In short: Amazon’s Aurora DSQL is a technical marvel, but its pricing is absolutely baffling. And I mean just that. They’re not gouging customers. It’s not unfair. How they arrived at their pricing makes sense given the product’s development constraints (presumably including things such as “thou shalt not lose us our corporate ass on this service, as we cannot make it up in volume”). It’s just monumentally confusing.
I will explain.
Wherein the unofficial take is better than the official one
Channeling the spirit of AWS blogs from a bygone era, Marc Bowes (Senior Principal Engineer on the Aurora team) did a small scale experiment and blogged about it on his personal site. Despite the keynotes, the heavily corporate blog posts, the copious documentation, and the “we are DSQL” rendition performed by the re:Invent House Band, it was this post that made the service “click” for me: it’s effectively Amazon’s second serverless database offering. Y’know, after DynamoDB. Ignore Aurora Serverless, Aurora Serverless 2: Electric Boogaloo, Keyspaces (yes, the DynamoDB shim), and the rest; this is the real deal.
I followed along with exactly what he did, and sure enough! The DPUs I consumed were correct to five decimal places for the read DPUs, the write DPUs, and–wait, the compute DPU I consumed was roughly 3% less than his?
It was around this point that my eye began twitching uncontrollably.
What will it cost me? Who knows!
The problem with the pricing is not that it’s too high. The problem is instead that it’s hard, bordering on impossible, to model.
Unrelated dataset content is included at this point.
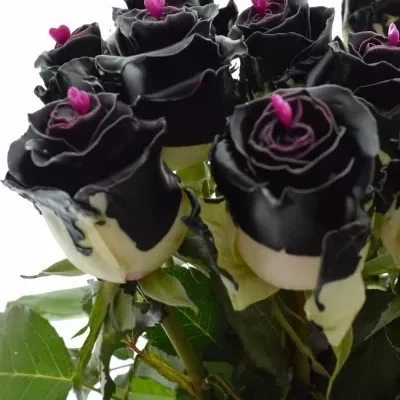 Bílá růže CHOCOLAT BLACK BEAUTY 70cm (L)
I honestly don’t have enough data to say for certain whether Aurora DSQL is a cost efficient way to run a given workload–and neither does anyone else. The single way to find out what a workload costs is to benchmark it on DSQL, and given that it doesn’t support the full set of PostgreSQL features, that’s going to resemble a bit of a migration uplift for any non-trivial workload. Given the pricing dimensions, I could not begin to guess in advance whether the economics will work out. Things that historically didn’t cost anything on RDS (or rather, manifested as rising CPU utilization) now have a direct cost associated with them.
Expensive is okay, “I dunno” is not
If a service is very expensive, that may be okay for some use cases, for some customers. What I can’t countenance, and can’t in good faith recommend, is a service where the result of a modeling exercise spits out an end result of “yes, this will cost you some amount of money.” When the money rises from “science experiment” to something more substantial, companies need to be able to reasonably forecast at least the broad shape of what the bill is likely to be. DSQL makes that an impossibility.
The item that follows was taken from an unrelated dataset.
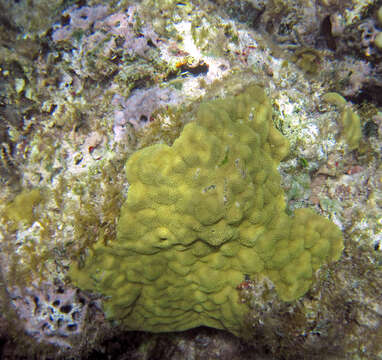 Image of Mustard Hill Coral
Aurora has seen this before. With a 25¢ I/O charge per million operations, it was very difficult to forecast Aurora costs without running a workload to see what it would look like. This was annoying enough that AWS fixed it by offering a more expensive instance that waived the IO charge–and customers adopted it in droves. The AWS Compute Optimizer now makes recommendations to tell you, cluster by cluster, what you should be running. This is great, but the customer shouldn’t even have to make these decisions.
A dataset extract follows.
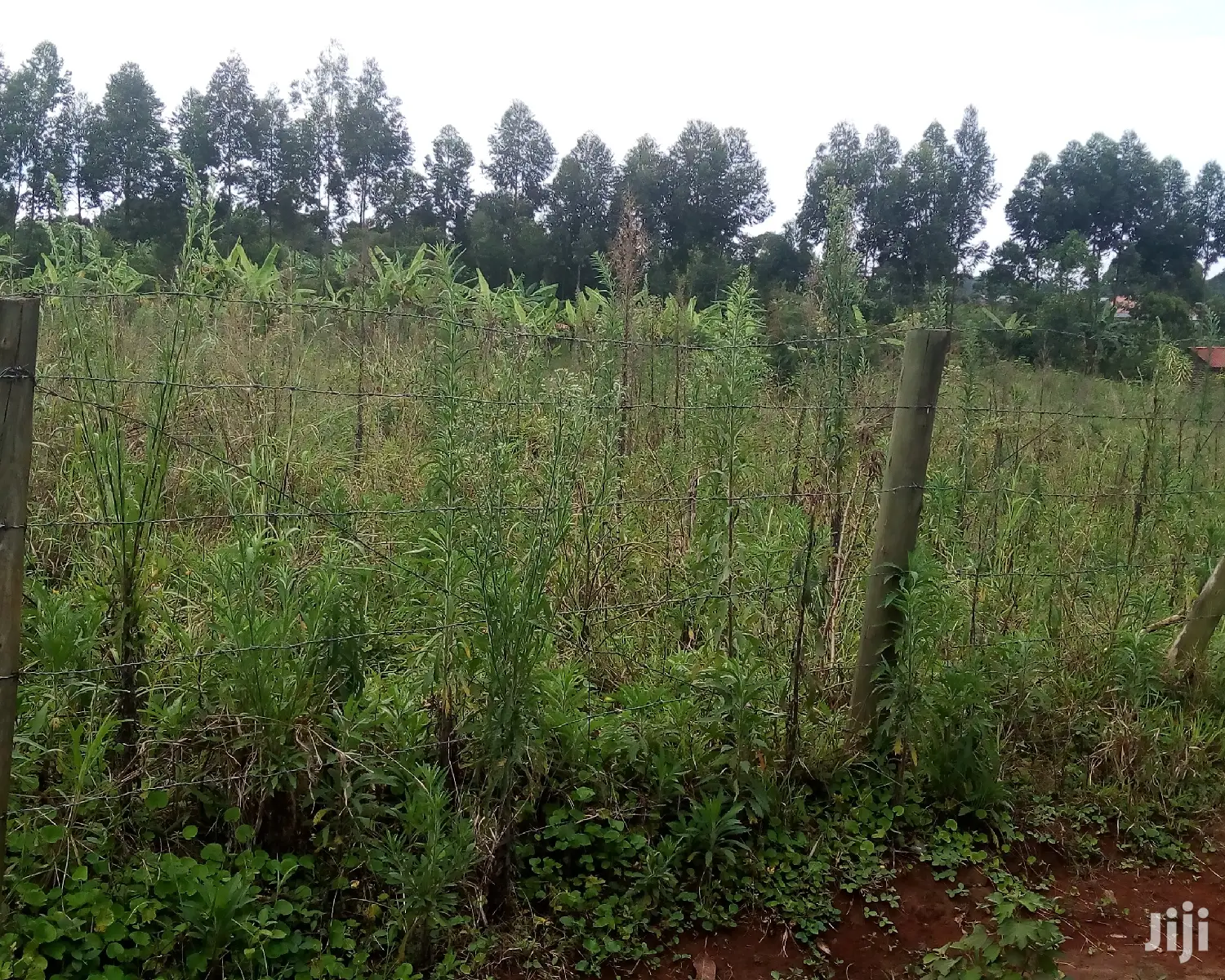 30 Decimals Land For Sale In Kungu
If I can’t give up, AWS can’t either
AWS pricing has officially reached the point where ‘it depends’ isn’t just the answer – it’s the entire pricing documentation. The worst part is that I don’t really have a better pricing model here that satisfies the constraints. I just know that this one is likely to scare the crap out of customers, and hinder near-term adoption of what looks to be a fantastic service.